In this tutorial we are going to look at Recurrent Neural Networks and time series data. In future videos, we are going to show how to take these RNNs and apply them to text data.
First of all, what is time series data? In the real world, data changes over time. For instance, if we look at this famous dataset of airplane sales from 1949 - 1969 we can see that there is a general trend upwards, and a cyclical trend between years. In order to accurately predict the airline sales in 1960 for instance, we have to have some way of taking into account its time trend.
So how can we convert this data over time into the machine learning API (fixed length of numbers in and fixed length of numbers out)? We use a very simple and effective approach, known as the sliding window. We take a window of a fixed size, e.g. 10 elements, and put that in the first row of our training data. From these 10 elements, we want to output the 11th element, which we call the label. We keep sliding the window across, and eventually we will have a dataset that we can input into our perceptron, in the same way that we did in the very first tutorial in this series.
Go into the timeseries directory in ml-class, and open up perceptron.py. This code sets up timeseries data and inputs it into a perceptron. Let’s walk through the code.
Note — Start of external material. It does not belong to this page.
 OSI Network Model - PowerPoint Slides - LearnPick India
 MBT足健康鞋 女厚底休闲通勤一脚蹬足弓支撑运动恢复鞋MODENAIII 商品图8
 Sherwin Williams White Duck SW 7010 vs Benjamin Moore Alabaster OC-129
We have a pretty good accuracy from our simple perceptron, but we can improve it by using a Recurrent Neural Network (RNN). What’s better about an RNN than a perceptron? The difference is the causality of time. If you scramble the 20 inputs from the previous perceptron, it would have no effect on the prediction. But obviously from looking at the graph, we know that the order of those 20 events does matter. An RNN takes into account the order of the inputs, which becomes especially important on larger datasets.
Recurrent Neural Networks generally take in the same input as a dense neural network: they take in a vector of numbers over time and output a single number or a vector of numbers. The difference is that they keep track of a state, which they pass between themselves.
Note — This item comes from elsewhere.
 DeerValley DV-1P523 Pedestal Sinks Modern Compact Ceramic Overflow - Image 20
So what happens inside the RNN? The RNN takes in a list of numbers (e.g. 1, 3, 4, 7), and at each step it passes along a state which it also outputs. In this case, the state is a single number. In this diagram of the second step, the network takes in the input 3 and it also takes in the state passed from the previous cell, 0.4. Using these two inputs, the network does a perceptron calculation - a weighted sum and a hyperbolic tangent activation function - and outputs a single number, 0.9. This output is then output by the cell and also passed to the next cell as a state. This same calculation is performed 10 times (or however long the window is) and then we take the final output to be the prediction of the label.
What is a hyperbolic tangent activation function?
A hyperbolic tangent activation function acts like a sigmoid, but the values range from -1 to 1 instead of from 0 to 1.